Les mails durant la seconde moitié du 20e siècle
En 1941, la municipalité fit construire des baraquements sur les mails, pour pallier la destruction d’immeubles lors des bombardements, où s’établirent les commerçants sinistrés. Après la seconde guerre mondiale, l’état dans lequel se trouve une partie des mails est loin d’avoir gardé sa popularité d’antan, comme en atteste le témoignage de certains Orléanais qui en font un lieu peu agréable.
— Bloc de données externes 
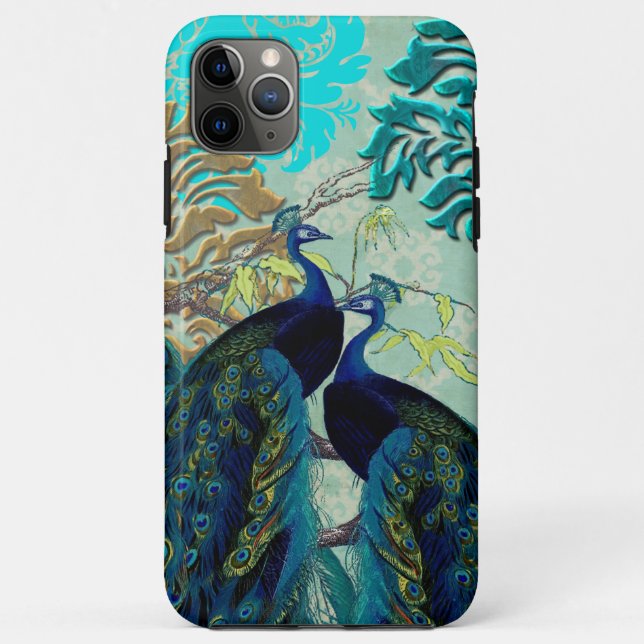 PixDezines Damask/Peacocks Uncommon coque iphone (Dos)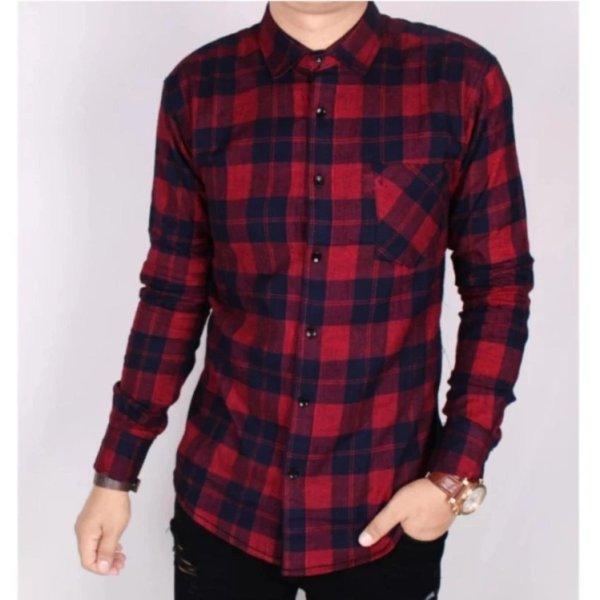 Kemeja Flanel casual Pria lengan panjang kotak kotak hitam-merah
Progressivement, le cadre des mails s’est modifié. Témoin de l’expansion urbaine d’Orléans, le monument de la Victoire, œuvre des frères Malfray en 1924, installé d’abord sur le boulevard de Verdun, fut notamment déplacé vers l’ouest de celui-ci en 1962. À la suite des aménagements du quartier de la gare, il fut déplacé à nouveau en 1987 sur le boulevard Alexandre-Martin.
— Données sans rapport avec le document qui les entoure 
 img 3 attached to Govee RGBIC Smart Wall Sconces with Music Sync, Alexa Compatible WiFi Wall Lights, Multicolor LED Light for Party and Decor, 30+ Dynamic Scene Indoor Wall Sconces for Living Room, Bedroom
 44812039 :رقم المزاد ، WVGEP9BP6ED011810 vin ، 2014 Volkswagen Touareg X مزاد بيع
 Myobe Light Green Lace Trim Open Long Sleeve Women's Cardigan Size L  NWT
Déplacement du monument de la Victoire vers l’ouest. [1962]. Photographie de la République du Centre.
Archives municipales d’Orléans, 3Fi2551.
Monument de la Victoire. [ca.1970-1975]. Photographie.
Archives municipales d’Orléans, 3Fi955.
Certains édifices sont établis sur le tracé de l’ancienne enceinte. C’est le cas du théâtre d’Orléans qui fut construit entre 1973 et 1975 à l’emplacement du Carré Saint-Vincent, sur l’espace réservé jadis au marché-franc et aux pavillons de l’exposition de 1905.
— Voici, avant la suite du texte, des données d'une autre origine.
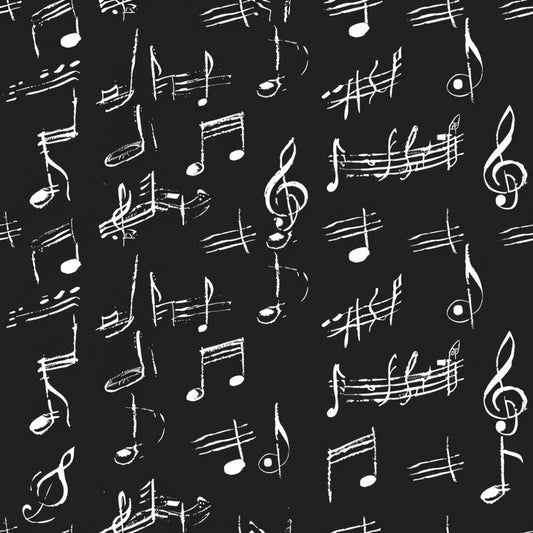 black background, white musical notes, treble clef, staff lines, sheet music, handwritten style, sketchy design, musical symbols, monochrome pattern, quilting cotton, fabric panel, artistic notation, music themed, chalk-like appearance, scattered notes, musical composition, repeating pattern, contrasting colors, cotton fabric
Construction du théâtre au Carré Saint-Vincent. [1974]. Photographie.
Archives municipales d’Orléans, 3Fi962.
Théâtre et centre d’arts contemporains au Carré Saint-Vincent. [1980]. Photographie de Guérin.
Archives municipales d’Orléans, 3Fi1344.
Vue aérienne des boulevards Alexandre-Martin et de Verdun. [ca.1973]. Photographie de la gendarmerie nationale.
Archives municipales d’Orléans, 3Fi760.
Vue aérienne entre le boulevard Rocheplatte et la place Albert 1er. [ca.1973]. Photographie de la gendarmerie nationale.
Archives municipales d’Orléans, 3Fi767.
Vue aérienne du boulevard Jean-Jaurès. [ca.1973]. Photographie de la gendarmerie nationale.
Archives municipales d’Orléans, 3Fi781.
Si l’espace des mails demeure toujours arboré, d’autres aménagements, liés à une nouvelle urbanisation, les ont fait évoluer. La zone réservée aux espaces verts s’est progressivement réduite pour laisser place à une simple bande verte presque cernée par l’asphalte. La ville d’Orléans n’a cessé de s’agrandir, au delà des remparts de la ville. Cette évolution finalement naturelle a également modifié sensiblement l’aspect des mails qui sont devenus moins propices à la flânerie. Les espaces de promenade ont progressivement laissé la place aux zones de stationnement et la circulation automobile sur les boulevards les longeant s’est intensifiée. Cependant, ils accueillent toujours plusieurs manifestations comme la foire aux plantes, le marché aux puces, mais aussi les commémorations militaires au monument de la Victoire.